Metro Weekly

Kansas Orders Trans Residents to Surrender Driver’s Licenses

The state is the first in the nation to invalidate previously issued gender-marker changes and require their immediate return.

Kansas State Capitol – Photo: Denis Tangney Jr via iStockphoto

The Kansas Division of Vehicles has sent letters to transgender residents ordering them to surrender their driver’s licenses under a newly enacted anti-LGBTQ law.

The letters state that transgender individuals’ current licenses — those with gender markers matching their gender identity rather than their sex assigned at birth — are considered invalid as of Thursday, February 26. Recipients are instructed to surrender their licenses to obtain new credentials reflecting their sex at birth.

First reported by transgender journalist Erin Reed on her Substack, Erin in the Morning, the letter cites a recently enacted law — vetoed by Gov. Laura Kelly and later overridden by the legislature — requiring that all driver’s licenses and state identification cards reflect the holder’s “sex at birth.”

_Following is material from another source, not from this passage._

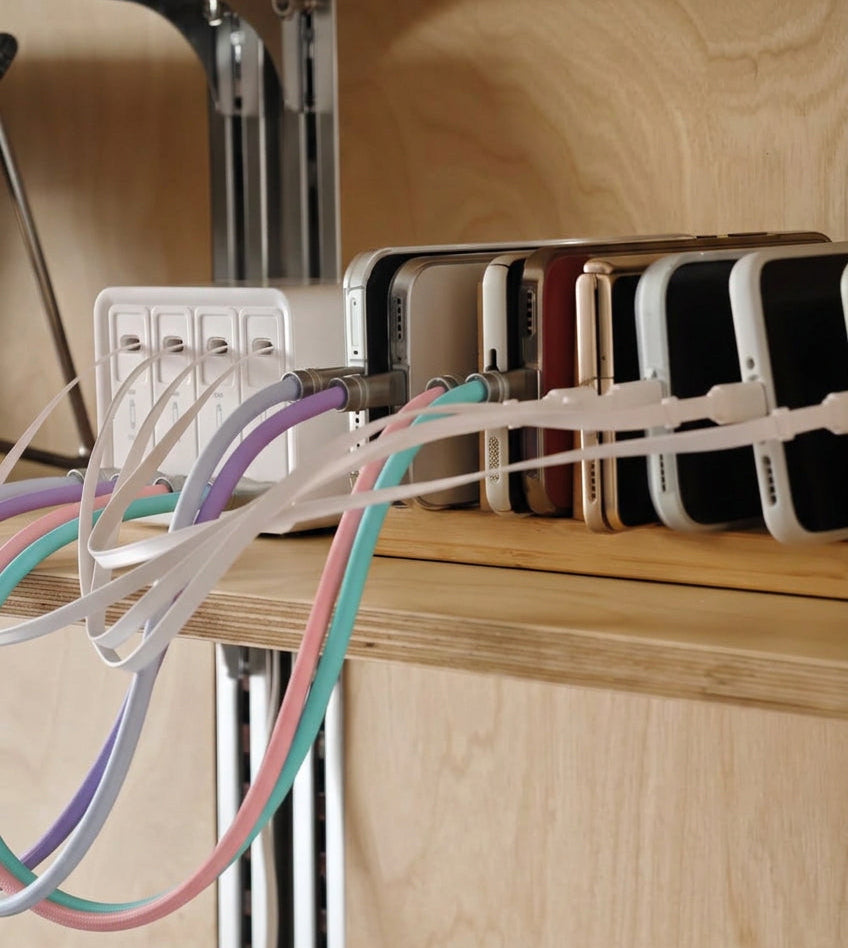 F63 charging multiple phones using built-in cables and USB-C ports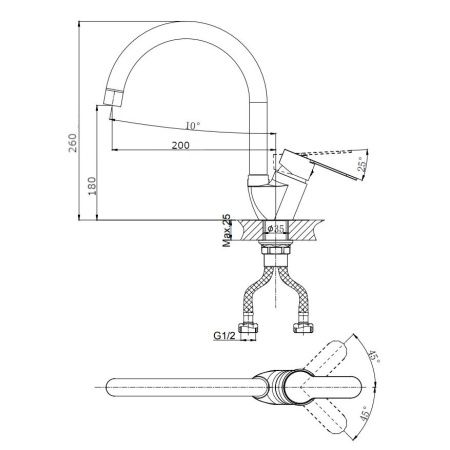 Смеситель для кухни Rush Tenerife TE2835-22 на мойку хром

While other states have barred gender-marker changes on vital records and state-issued IDs, Kansas is the first in the nation to invalidate previously issued documents and require that they be returned and replaced immediately.

The letters also note that the legislature “did not include a grace period for updating credentials” and threaten legal action and penalties against anyone found in possession of an “invalid” license.

According to The Kansas City Star, about 1,800 transgender Kansans are expected to have their licenses and identification documents declared invalid under the law.

The letter does not indicate whether transgender residents will be forced to pay out of pocket for new credentials. However, The Star reports that Republican lawmakers did not allocate funding to help those affected obtain replacement licenses. A standard driver’s license typically costs about $30, though a Kansas Department of Revenue spokesperson told the newspaper the agency is charging $8 to reissue licenses deemed invalid under the law.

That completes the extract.